[Opening Extracted material section]

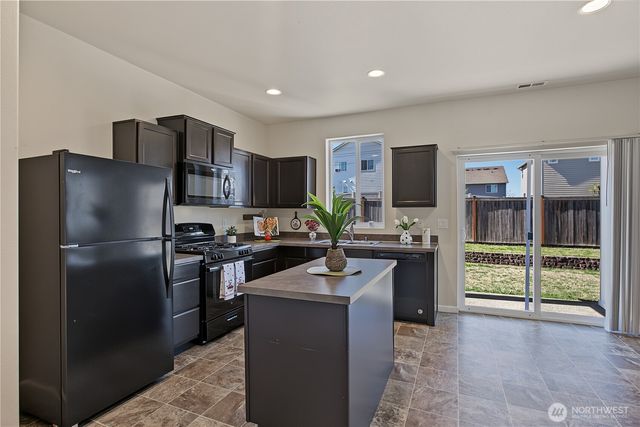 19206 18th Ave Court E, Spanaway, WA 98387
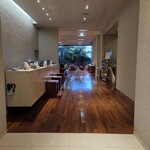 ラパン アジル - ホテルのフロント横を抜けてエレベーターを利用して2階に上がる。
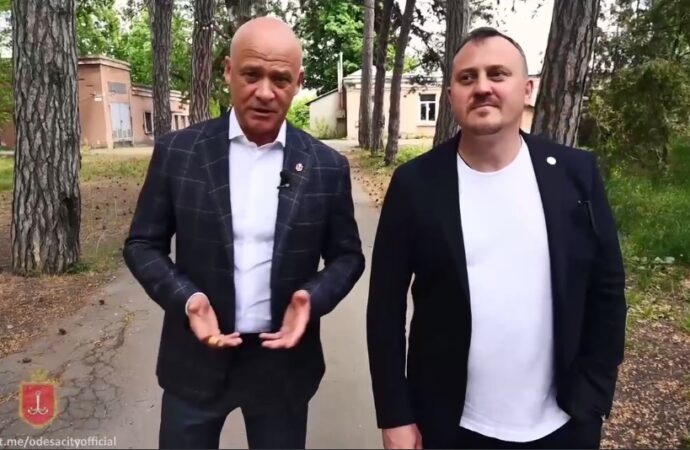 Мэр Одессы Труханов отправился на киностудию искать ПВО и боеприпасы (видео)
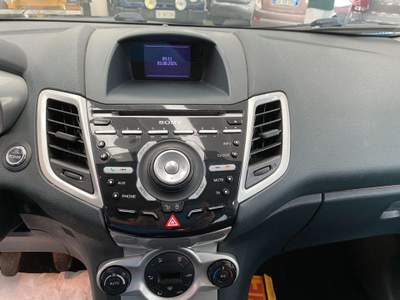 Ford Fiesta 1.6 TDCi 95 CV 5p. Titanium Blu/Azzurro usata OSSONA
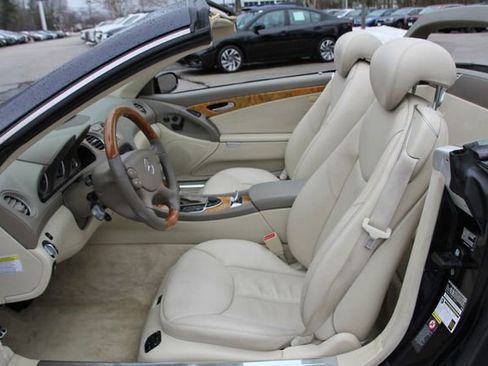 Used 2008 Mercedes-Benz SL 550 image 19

[Closing Extracted material section]
[Opening Extracted material section]

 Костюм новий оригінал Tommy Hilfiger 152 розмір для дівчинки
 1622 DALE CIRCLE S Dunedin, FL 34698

[Closing Extracted material section]
[Opening Extracted material section]

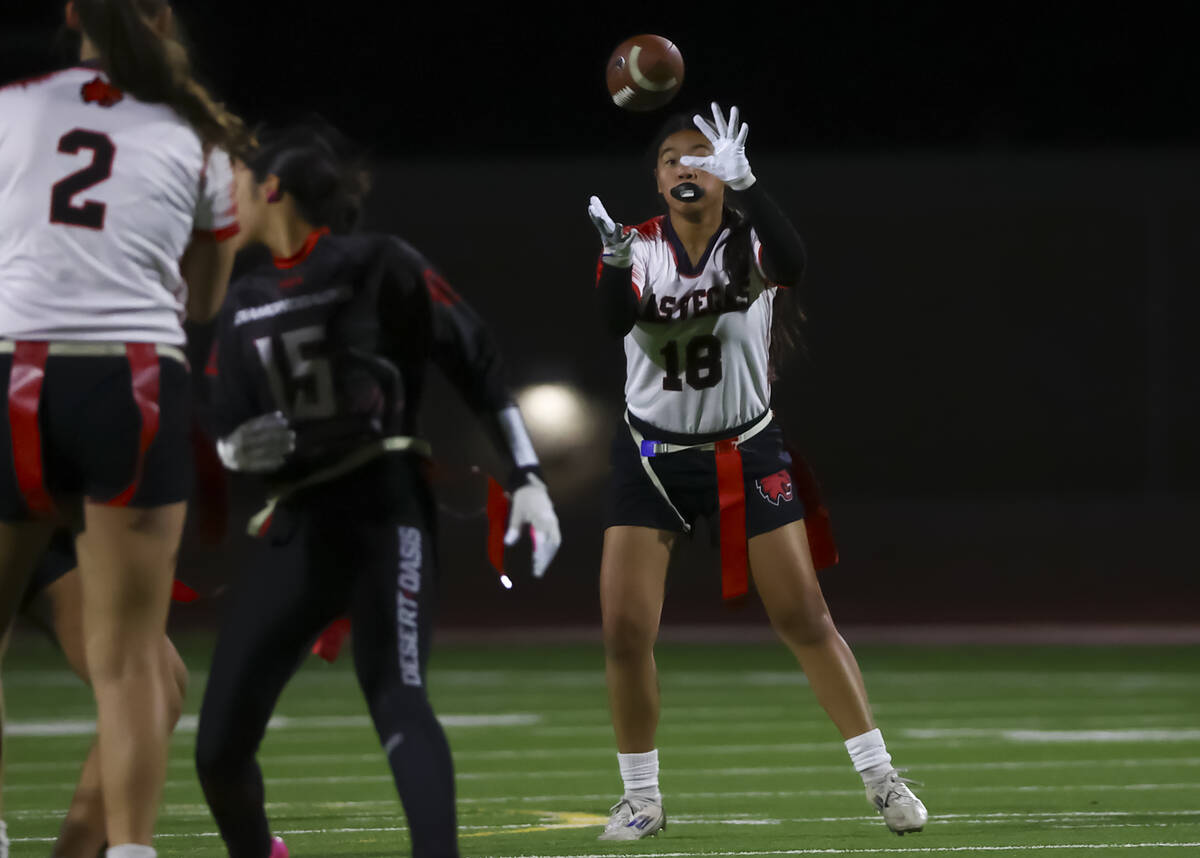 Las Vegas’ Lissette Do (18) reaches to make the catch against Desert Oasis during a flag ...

[Closing Extracted material section]

_What the exercise asks_: In the data above, retype only the stretch from the line with "19206 18th Ave Court E, Spanaway, WA 98387" through the line with "Used 2008 Mercedes-Benz SL 550 image 19", word for word, and skip any pictures.

_Solution for this exercise_:
 19206 18th Ave Court E, Spanaway, WA 98387
 ラパン アジル - ホテルのフロント横を抜けてエレベーターを利用して2階に上がる。
 Мэр Одессы Труханов отправился на киностудию искать ПВО и боеприпасы (видео)
 Ford Fiesta 1.6 TDCi 95 CV 5p. Titanium Blu/Azzurro usata OSSONA
 Used 2008 Mercedes-Benz SL 550 image 19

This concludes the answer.